Prologue
Le 5 octobre 2022
Üsküdar, Istanbul
Türkiye
La petite coupole turquoise de la fontaine d’ablutions en marbre avait gardé de son éclat malgré les quatre siècles qui séparaient le moment où elle fut achevée et celui où je la contemplais en me rendant à la prière du ikindi en ce doux mois d’octobre. Elle trônait là au milieu du passage où les hommes prenaient fidèlement leurs ablutions, que leurs mains se colorent d’une légère teinte mauve lorsqu’il faisait froid ou qu’elles soient déjà moites de la sueur d’une journée chaude d’été comme en connaissait si souvent Istanbul, peu importe, ils se succédaient sans interruption dans ce rituel sacré.

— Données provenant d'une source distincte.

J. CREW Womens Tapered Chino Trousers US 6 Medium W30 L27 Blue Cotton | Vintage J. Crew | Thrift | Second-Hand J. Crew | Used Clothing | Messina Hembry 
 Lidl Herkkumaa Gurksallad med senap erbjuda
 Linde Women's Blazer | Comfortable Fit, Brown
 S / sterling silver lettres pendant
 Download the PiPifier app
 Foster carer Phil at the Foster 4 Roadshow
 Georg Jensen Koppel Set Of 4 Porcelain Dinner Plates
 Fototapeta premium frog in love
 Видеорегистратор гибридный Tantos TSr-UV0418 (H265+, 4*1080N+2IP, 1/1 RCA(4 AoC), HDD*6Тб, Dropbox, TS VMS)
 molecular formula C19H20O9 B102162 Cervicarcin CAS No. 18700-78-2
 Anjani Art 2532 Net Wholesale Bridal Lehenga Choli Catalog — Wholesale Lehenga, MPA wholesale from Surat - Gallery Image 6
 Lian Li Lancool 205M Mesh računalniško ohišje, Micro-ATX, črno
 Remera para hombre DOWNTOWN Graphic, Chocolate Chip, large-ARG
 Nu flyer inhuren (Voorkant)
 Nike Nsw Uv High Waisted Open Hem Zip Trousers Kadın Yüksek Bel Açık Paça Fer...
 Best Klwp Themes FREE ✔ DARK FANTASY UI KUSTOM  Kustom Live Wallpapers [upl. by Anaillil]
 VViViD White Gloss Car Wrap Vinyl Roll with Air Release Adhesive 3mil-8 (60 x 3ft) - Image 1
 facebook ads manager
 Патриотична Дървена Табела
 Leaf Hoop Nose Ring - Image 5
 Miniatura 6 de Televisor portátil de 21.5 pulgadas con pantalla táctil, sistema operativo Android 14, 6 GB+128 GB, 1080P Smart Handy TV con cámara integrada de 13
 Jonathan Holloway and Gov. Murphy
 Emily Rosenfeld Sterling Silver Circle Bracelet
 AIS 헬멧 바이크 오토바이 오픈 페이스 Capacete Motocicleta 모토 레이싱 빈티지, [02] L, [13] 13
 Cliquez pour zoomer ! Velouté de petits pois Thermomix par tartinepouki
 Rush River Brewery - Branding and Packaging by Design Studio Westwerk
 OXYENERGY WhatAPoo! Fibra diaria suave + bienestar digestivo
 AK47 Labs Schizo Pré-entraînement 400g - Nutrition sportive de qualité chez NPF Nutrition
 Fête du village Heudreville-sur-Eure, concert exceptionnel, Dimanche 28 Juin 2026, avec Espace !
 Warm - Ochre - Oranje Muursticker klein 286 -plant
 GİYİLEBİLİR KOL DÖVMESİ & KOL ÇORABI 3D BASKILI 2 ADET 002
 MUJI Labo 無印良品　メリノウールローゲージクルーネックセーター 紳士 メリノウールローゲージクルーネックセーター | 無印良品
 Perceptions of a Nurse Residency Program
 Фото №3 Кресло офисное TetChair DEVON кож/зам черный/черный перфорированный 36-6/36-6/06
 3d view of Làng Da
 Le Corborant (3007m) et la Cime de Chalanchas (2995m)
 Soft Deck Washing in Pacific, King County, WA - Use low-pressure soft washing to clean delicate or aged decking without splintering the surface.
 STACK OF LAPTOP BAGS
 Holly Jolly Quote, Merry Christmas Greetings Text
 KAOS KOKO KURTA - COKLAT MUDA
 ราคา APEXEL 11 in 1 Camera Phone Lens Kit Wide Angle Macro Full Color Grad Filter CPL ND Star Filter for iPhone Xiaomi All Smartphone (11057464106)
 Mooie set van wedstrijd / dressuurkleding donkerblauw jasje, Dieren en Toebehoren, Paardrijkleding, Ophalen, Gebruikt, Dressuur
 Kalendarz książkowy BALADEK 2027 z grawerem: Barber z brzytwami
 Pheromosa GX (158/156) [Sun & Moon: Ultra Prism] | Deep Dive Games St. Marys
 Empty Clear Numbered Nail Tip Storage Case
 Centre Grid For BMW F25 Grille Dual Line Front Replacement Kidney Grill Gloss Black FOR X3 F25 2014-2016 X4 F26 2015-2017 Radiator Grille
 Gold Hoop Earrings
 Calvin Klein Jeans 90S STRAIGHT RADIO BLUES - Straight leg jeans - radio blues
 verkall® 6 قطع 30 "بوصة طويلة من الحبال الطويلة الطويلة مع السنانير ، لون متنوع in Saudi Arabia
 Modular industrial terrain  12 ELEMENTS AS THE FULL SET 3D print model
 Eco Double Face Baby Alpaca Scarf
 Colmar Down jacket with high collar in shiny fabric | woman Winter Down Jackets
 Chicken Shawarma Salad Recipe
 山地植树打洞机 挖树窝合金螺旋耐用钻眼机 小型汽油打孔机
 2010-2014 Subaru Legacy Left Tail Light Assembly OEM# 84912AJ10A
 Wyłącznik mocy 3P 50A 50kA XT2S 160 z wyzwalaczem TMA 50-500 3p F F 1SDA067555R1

Cette mosquée m’enivre de son histoire. Je ne crois pas avoir trouvé d’autres endroits à Istanbul qui m’enchantent plus encore que cette mosquée si chère à mon cœur. Peut-être aussi suis-je sensible à la personne en l’honneur de qui elle a été érigée : Mihrimah était la fille de Roxelane, la si célèbre concubine du grand Sultan Suleyman, à qui elle aurait fait perdre la tête.
Qu’on l’admire ou qu’on la maudisse, personne n’oserait néanmoins nier l’intelligence dont elle a fait preuve tout au long de sa vie et dont a largement hérité sa fille. Plus je me plongeais dans l’étude de la vie de Mihrimah plus j’y trouvais là le modèle d’une femme forte et brave devant le cours que prit son destin.
C’est dans ce quartier d’Istanbul que j’aimais me rendre tous les jours, et plus particulièrement juste derrière la mosquée Mihrimah, se trouvait une petite échoppe qui servait de délicieuses parts de gâteaux, accompagnées d’un café turc ou d’un thé noir, pour quelques sous seulement. Les propriétaires de la boutique ne me questionnaient jamais et acceptaient que j’y passe des heures entières à travailler. Je ne levais les yeux de l’écran de mon ordinateur que pour commander un autre thé aromatisé au clou de girofle ou une énième part de cake au citron aux graines de pavot. Elif et Ömer n’étaient pas ce genre de personnages aux manières intrusives qui estiment que puisque vous restiez travailler dans leur café, ils obtenaient presque automatiquement le droit d’en savoir plus sur vous et votre vie. Bien au contraire, ils faisaient de leur discrétion un point d’honneur.